00:20:25.120 | Okay, treatment-resistant depression, therefore,
00:20:28.500 | is the indication, psilocybin is the intervention.
00:20:33.240 | Let me crowdfund, and I did that throughout the time,
00:20:36.960 | CrowdRise, which was co-founded by Edward Norton,
00:20:39.920 | who had become a friend and was--
00:20:41.440 | - The actor, Edward Norton. - The actor,
00:20:42.520 | who's very smart, very, very, very smart.
00:20:45.340 | Also one of the best investors I've ever met,
00:20:47.720 | which a lot of people don't know.

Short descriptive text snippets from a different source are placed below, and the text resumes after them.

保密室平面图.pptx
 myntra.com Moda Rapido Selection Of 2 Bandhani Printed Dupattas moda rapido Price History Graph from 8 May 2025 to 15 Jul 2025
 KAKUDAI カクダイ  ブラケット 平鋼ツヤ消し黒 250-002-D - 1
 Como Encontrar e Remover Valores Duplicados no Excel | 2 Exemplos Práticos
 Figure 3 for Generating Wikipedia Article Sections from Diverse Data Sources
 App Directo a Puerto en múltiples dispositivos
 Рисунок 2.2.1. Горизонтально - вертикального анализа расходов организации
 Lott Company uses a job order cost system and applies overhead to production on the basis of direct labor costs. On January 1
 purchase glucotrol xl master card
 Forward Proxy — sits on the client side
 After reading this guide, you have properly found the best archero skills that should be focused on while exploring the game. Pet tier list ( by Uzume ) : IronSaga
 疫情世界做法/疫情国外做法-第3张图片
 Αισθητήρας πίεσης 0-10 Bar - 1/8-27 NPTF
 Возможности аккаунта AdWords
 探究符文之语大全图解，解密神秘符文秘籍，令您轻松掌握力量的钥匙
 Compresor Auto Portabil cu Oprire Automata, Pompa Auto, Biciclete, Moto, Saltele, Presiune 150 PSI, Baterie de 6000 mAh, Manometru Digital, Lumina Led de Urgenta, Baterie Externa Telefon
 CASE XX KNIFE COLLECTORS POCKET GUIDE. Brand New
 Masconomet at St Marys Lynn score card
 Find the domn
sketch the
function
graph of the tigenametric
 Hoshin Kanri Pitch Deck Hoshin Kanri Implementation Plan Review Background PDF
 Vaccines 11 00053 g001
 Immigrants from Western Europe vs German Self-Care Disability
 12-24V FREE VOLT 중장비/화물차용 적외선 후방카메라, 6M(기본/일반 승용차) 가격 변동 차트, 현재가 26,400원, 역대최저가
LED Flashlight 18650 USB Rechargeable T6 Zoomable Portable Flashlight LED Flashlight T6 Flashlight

00:20:49.120 | Very bright guy.
00:20:50.500 | And so crowdfunded, and I also like to put my money
00:20:55.500 | where my mouth is.
00:20:57.000 | I said, okay, guys, I'm gonna seed this.
00:20:58.600 | I'm putting in X, the goal is to raise,
00:21:00.800 | I think it was 80,000, something like that,
00:21:03.120 | for the following study.
00:21:04.800 | And then I was like, let's see, let's see what happens.
00:21:07.880 | And there was basically zero negative blowback.
00:21:13.680 | And not only was there no discernible negative blowback,
00:21:17.700 | a number of people, and this was deliberate,
00:21:19.740 | I wanted to see this, a number of people
00:21:21.220 | came out of the woodwork to support in a bigger way.
00:21:24.080 | And I was like, oh, okay, I see you.
00:21:26.220 | A handful of folks I knew, and I was like, oh, interesting.
00:21:28.700 | Okay, there are at least a half a dozen folks
00:21:31.460 | who are studying the same thing,
00:21:34.380 | who are paying attention to the same thing.
00:21:36.540 | And then I just got bolder.
00:21:37.700 | I was like, okay, if I tested that, let me push,
00:21:41.500 | and then let's see what happens, and I'll wait.
00:21:44.160 | And lo and behold, I realized that the perception
00:21:48.680 | did not match the reality.
00:21:49.800 | The reality was, if you're talking about indications
00:21:52.340 | that cause an incredible amount of suffering
00:21:54.280 | for a very large number of people,
00:21:56.520 | even those who are anti-drug, per se,
00:22:02.040 | just say no to drugs, want solutions.